> _Assignment_: In the listing below, find the line containing "Harley Sportster Forward" and the line containing "Energy Hunters Episode 65", then copy exactly everything from the first through the second, except the pictures.

++++ Input records

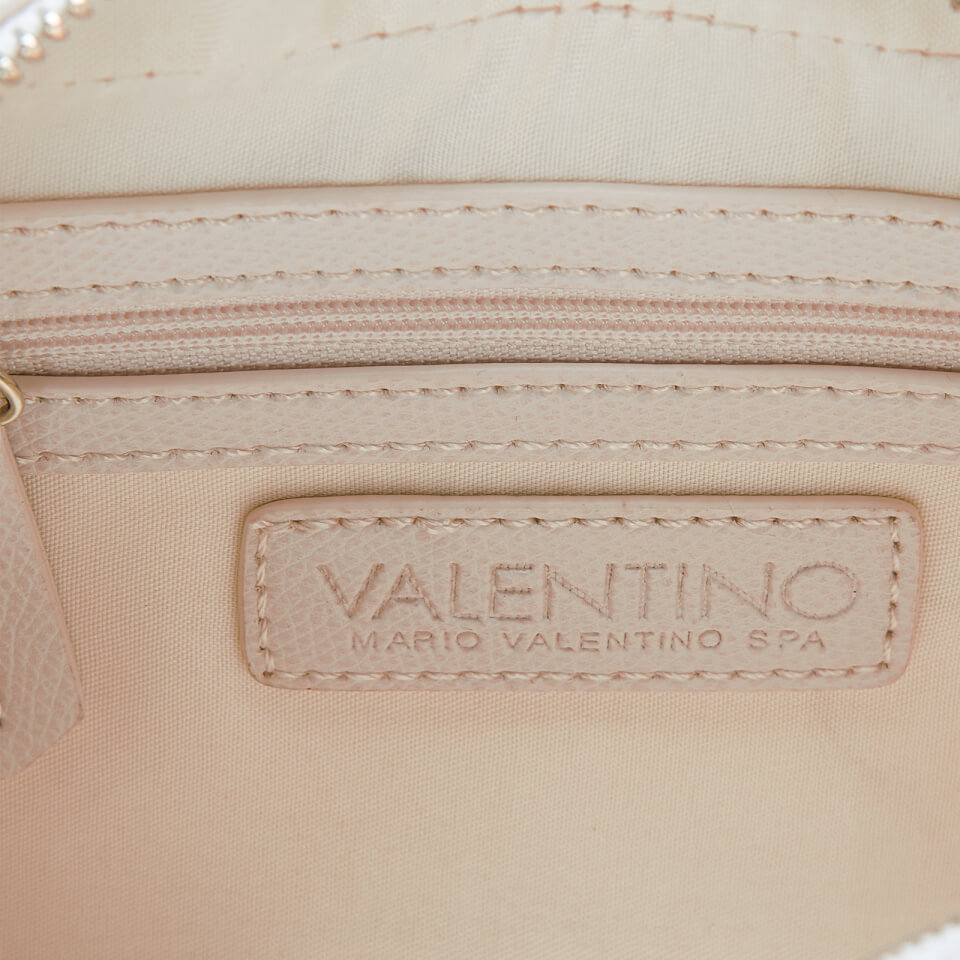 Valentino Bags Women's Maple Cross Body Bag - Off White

++++++++
++++ Input records

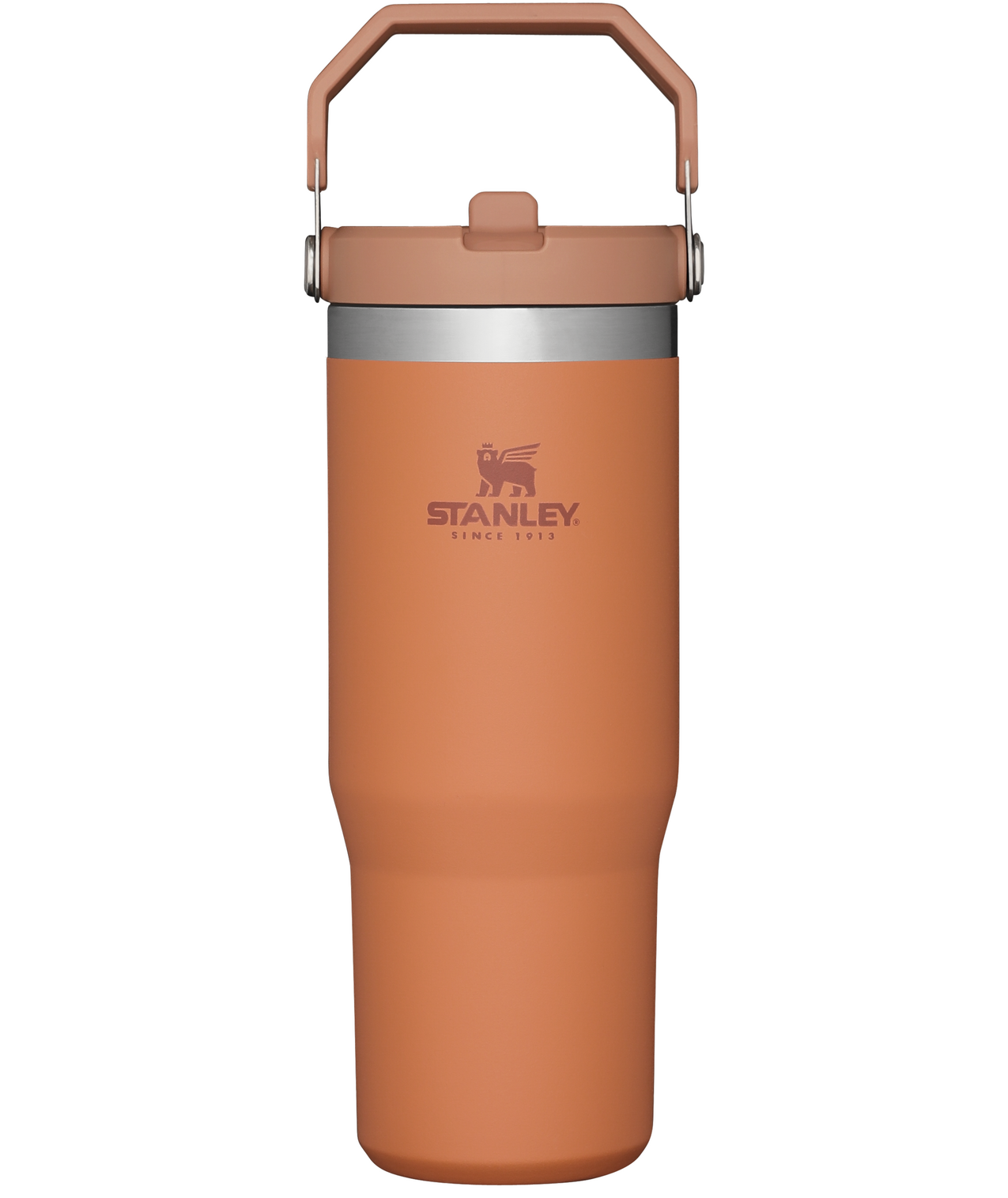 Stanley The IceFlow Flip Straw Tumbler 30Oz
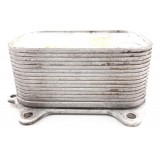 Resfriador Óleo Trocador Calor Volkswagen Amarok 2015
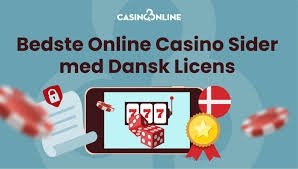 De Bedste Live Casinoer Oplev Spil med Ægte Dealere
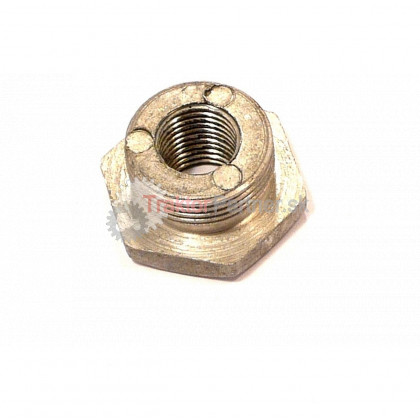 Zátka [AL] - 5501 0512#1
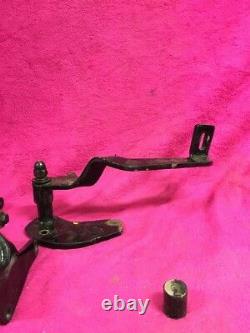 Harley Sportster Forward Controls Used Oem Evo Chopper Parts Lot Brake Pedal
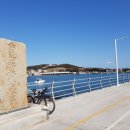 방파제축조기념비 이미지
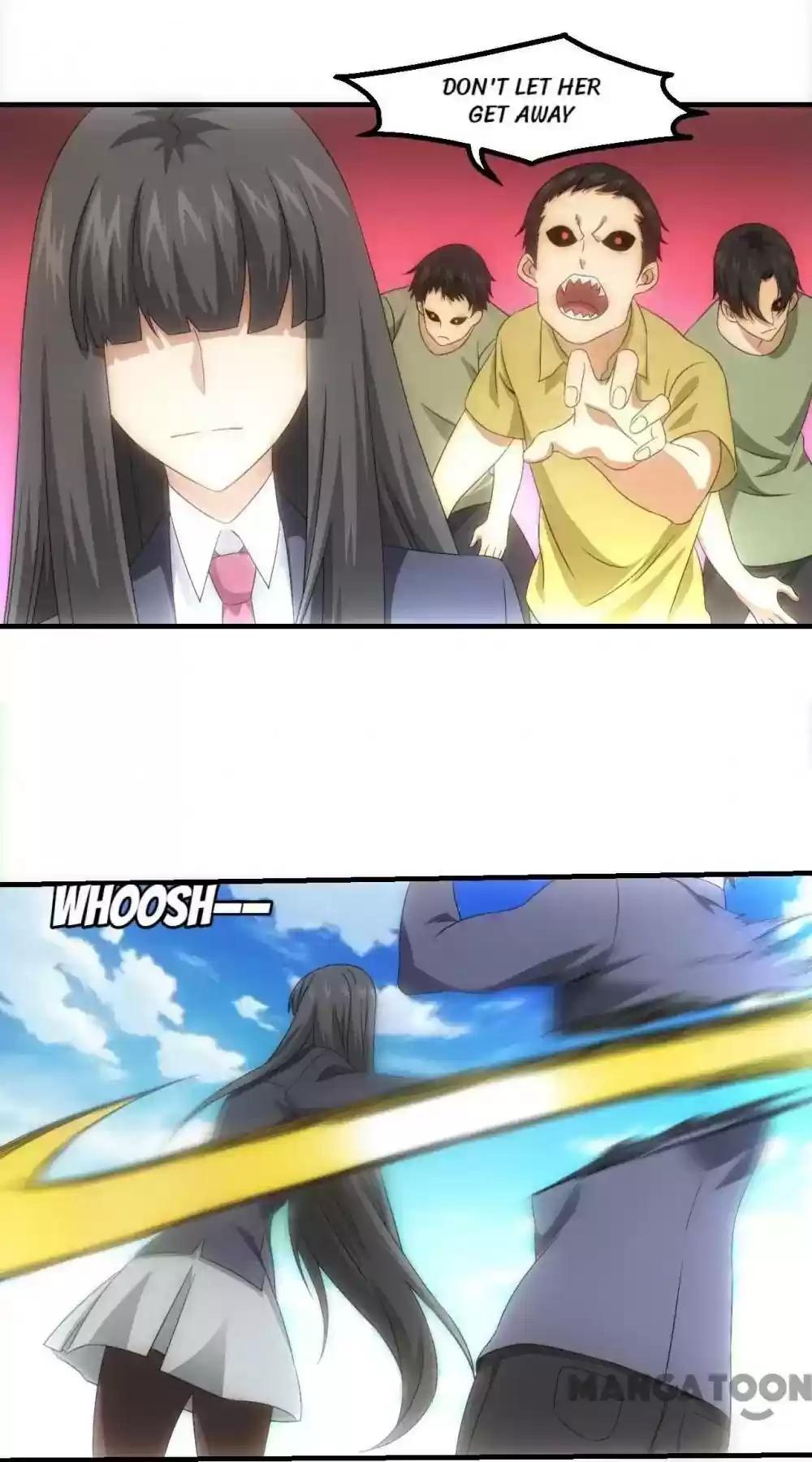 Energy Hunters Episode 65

++++++++
++++ Input records

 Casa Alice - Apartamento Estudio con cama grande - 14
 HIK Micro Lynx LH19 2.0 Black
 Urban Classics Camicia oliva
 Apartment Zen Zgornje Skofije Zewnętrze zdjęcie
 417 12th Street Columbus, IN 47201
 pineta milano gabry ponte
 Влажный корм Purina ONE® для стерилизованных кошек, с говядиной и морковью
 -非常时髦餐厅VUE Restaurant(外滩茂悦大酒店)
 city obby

++++++++

> _Answer space_:
 Harley Sportster Forward Controls Used Oem Evo Chopper Parts Lot Brake Pedal
 방파제축조기념비 이미지
 Energy Hunters Episode 65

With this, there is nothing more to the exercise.